On the downside, it takes a while for higher interest payments on bonds to translate into higher dividend payments. BKLN’s dividends have increased from $0.0541 to $0.0660 over the trailing 12 months, a 22% increase. dividends to have increased, but the rate hikes were significantly larger than this. Because of this, the fund achieves a relatively low return of 3.3%. To more positive Keep in mind that dividends should continue to rise in the coming months, which will bode well for investors.
BKLN sees higher earnings and more stable share prices when interest rates rise, so the fund should outperform its peers in that case. This was the case YTD as expected.

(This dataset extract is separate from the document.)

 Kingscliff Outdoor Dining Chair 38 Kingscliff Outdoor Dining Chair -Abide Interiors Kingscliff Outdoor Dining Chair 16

BKLN outperforms when rates rise, as they are currently. The fund’s investment thesis is simple, clear and strong, at least in my opinion. While there’s nothing inherently wrong with the fund, there are several stronger options out there. Let’s have a look.
Fast peer comparison
BKLN is the largest and most popular senior loan ETF on the market today, but it has many competitors. There are several ETFs with similar holdings and characteristics, including the SPDR Blackstone Senior Loan ETF (SRLN) and the First Trust Senior Loan Fund (FTSL). There are also several Senior Loan CEFs including FRA and VVR.
CEFs in particular are looking extremely attractive in the current market conditions. Recent losses and weakening economic fundamentals have caused CEF discounts to widen, with these three CEFs trading at large double-digit discounts to NAV.
Higher distribution yields mean stronger long-term total shareholder returns, both on a NAV and price basis.
FRA and VVR have higher distribution yields, total shareholder returns and discounts to NAV compared to BKLN. Given these conditions, I see no reason to invest in BKLN beyond these two CEFs.
BKLN is an index ETF that invests in senior secured floating rate loans from non-investment grade companies. BKLN is outperforming in a rising interest rate environment, making the fund a reasonable investment choice in current market conditions. While there’s nothing fundamentally wrong with the fund, there are several similar CEFs with higher yields, discounts, and overall value propositions. Therefore, I would not currently invest in BKLN.